Εννεπε μοι Μουσα
La storia più bella sul potere della musica l’ha raccontata Lev Tolstoj.
Il conte Nikolaj Rostov torna a casa dopo una perdita rovinosa al gioco. Trova la sorella Natasa accanto al clavicembalo, pronta a cantare.
“Dio mio, sono un uomo senza onore, sono un uomo perduto. Una pallottola in fronte, è l’unica cosa che mi resta, altro che cantare” pensa.
Ma appena la sorella inizia, tutto cambia.
“Ma che cos’è? pensó Nikolaj, sentendo la sua voce e spalancando gli occhi. Che cosa le è successo? Come canta stasera? pensó. E a un tratto tutto il mondo per lui si concentró nell’attesa della nota successiva, della frase successiva, e tutto il mondo si divise in tre tempi.
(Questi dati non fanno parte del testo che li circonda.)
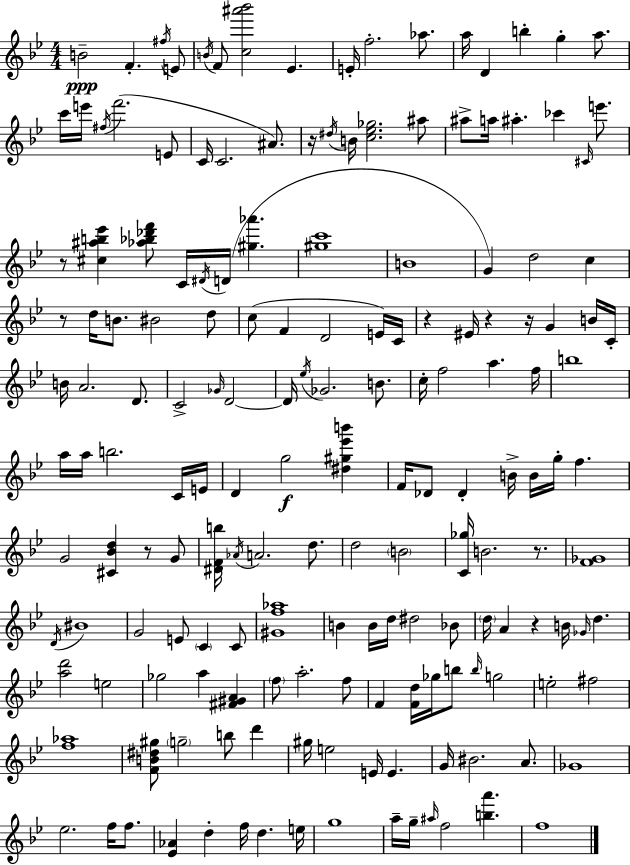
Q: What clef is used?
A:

Oh mio crudele affetto… Un, due, tre … Un, due, tre … Un … Oh mio crudele affetto… Un, due, tre … Un. Eh, la nostra stupida vita! – pensava Nikolaj. – Tutto questo, e la sfortuna, e i soldi, e Dolochov, e il rancore, e l’onore… Sono tutte sciocchezze… Ecco invece ciò che è vero… Su, Natasa, su, tesoro… Su, cara! Come prenderá questo si… L’ha preso? Grazie a Dio! E senza accorgersi che stava cantando, per sostenere quel si improvvisó un controcanto una terza sotto. Dio mio! Che bello! Possibile che sia riuscita a prenderlo? Che fortuna! pensó”.
(Guerra e pace, libro II, parte I, cap. 15)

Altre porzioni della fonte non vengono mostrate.